Recentemente, em tomadas de posição de qualidade e autoridade diversas, voltou-se a discutir a “forma” da comunhão eucarística. A suscitar o debate tem sido, provavelmente, a “cerca sanitária” que levou a indicar a “comunhão na mão” como “forma imposta”. O debate que se tem seguido tornou-se bastante aceso, se não mesmo exasperado, ao ponto de se falar desta forma de receção da comunhão como “sacrilégio” ou “heresia”. Recentemente, Matias Augé fotografou muito bem os limites do debate, numa breve, mas acuta, reflexão [“A comunhão na mão e a pandemia”]. Um pouco antes, neste mesmo blog [Come se non], o prof. Claudio U. Contorti tinha feito uma recensão cuidada de um livro bastante frágil [Federico Bortoli, La distribuzione della Comunione sulla mano, Firenze, Cantagalli, 2018, com prefácio do Cardeal Sarah] que, de forma clara, manifestava os limites espirituais e científicos deste tipo de leituras exasperadas da tradição.

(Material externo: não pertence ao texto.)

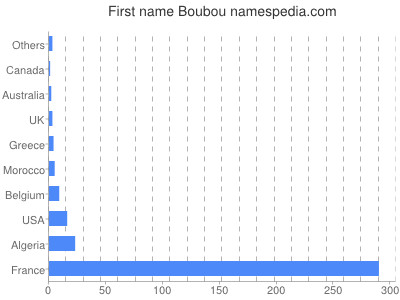 Given name Boubou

Para acrescentar clareza ao debate sobre o tema, gostaria de propor duas reflexões. A primeira tem já cerca de 50 anos e é retirada de um livro de J. Ratzinger, no qual se repropõem algumas reflexões de caráter espiritual sobre a Eucaristia e onde se encontra uma consideração interessante sobre “várias formas” de comunhão eucarística. De seguida, articularei uma breve meditação sobre a relação entre estas formas de comunhão eucarística e o seu impacto complexo na tradição eclesial.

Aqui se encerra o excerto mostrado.